Hosted Mender incident

Temporary service disruption following a MongoDB primary node failure

Critical Resolved View vendor source →

Hosted Mender experienced a critical incident on January 8, 2025 affecting Hosted Mender US, lasting 4h. The incident has been resolved; the full update timeline is below.

Started
Jan 08, 2025, 10:06 AM UTC
Resolved
Jan 08, 2025, 02:07 PM UTC
Duration
4h
Detected by Pingoru
Jan 08, 2025, 10:06 AM UTC

Affected components

Hosted Mender US

Update timeline

  1. investigating Jan 08, 2025, 10:06 AM UTC

    Today between 09:26 UTC and 09:28 UTC we got notifications about a MongoDB node failure on the primary. We are investigating the issue, that seems to be already solved.

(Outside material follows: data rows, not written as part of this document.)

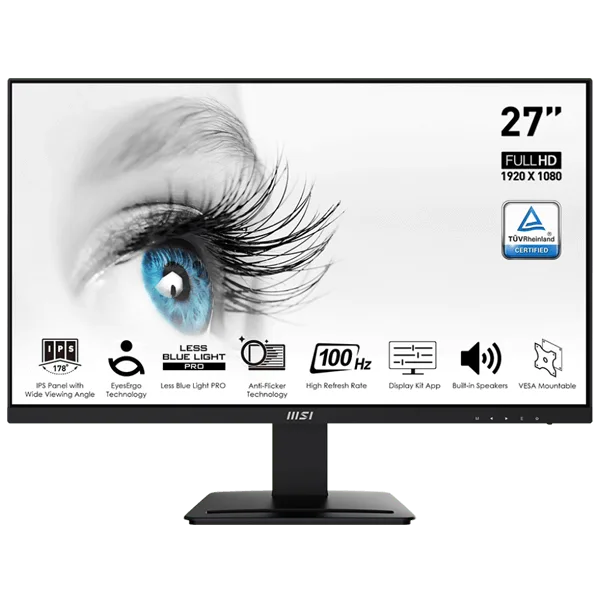 MSI Pro MP273A 27.0" 100Hz 1ms Full HD IPS Frameless Monitor (3Y)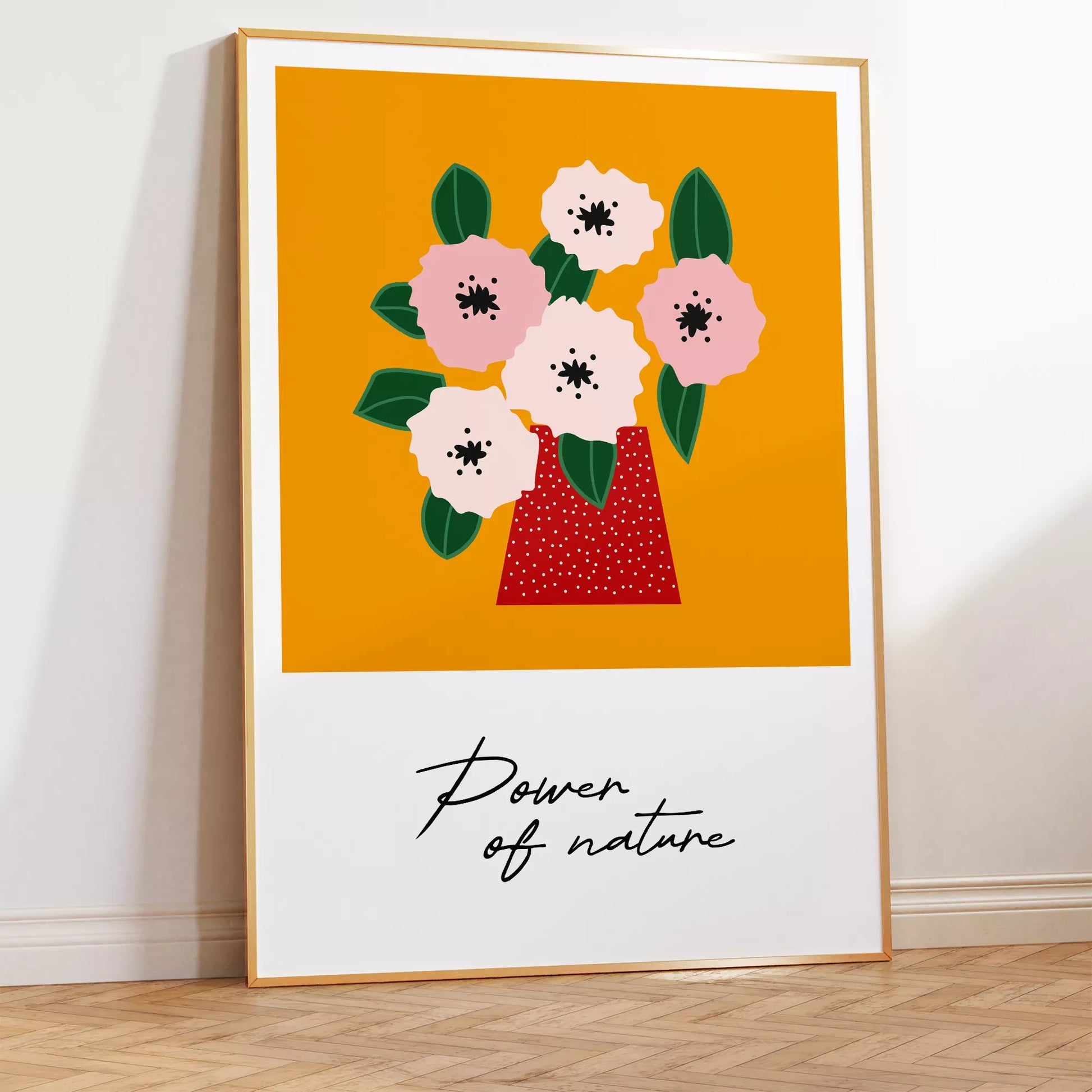 北欧デザインの花瓶とピンクの花のボタニカルアートポスター オレンジ背景 ポップカラー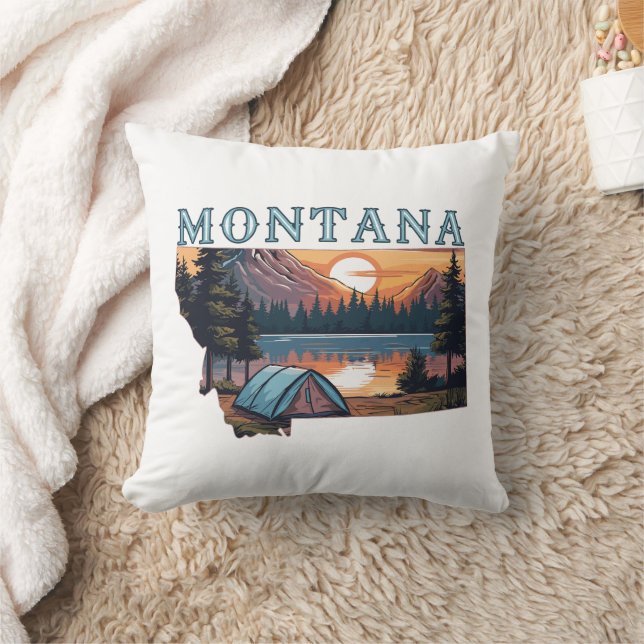 Coussin Camping de tentes du Montana (Couverture)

  2. identified Jan 08, 2025, 10:07 AM UTC

    We observed in the provider's log that it tried twice to roll it back, then the cluster gave up and elected a new primary. The cluster is self-healing and hosted Mender is operational again.

  3. monitoring Jan 08, 2025, 10:07 AM UTC

    We're monitoring the incident and the metrics to check for possible issues.

  4. resolved Jan 08, 2025, 02:07 PM UTC

    This incident has been resolved: the MongoDB cluster seems stable and no other issue has been reported.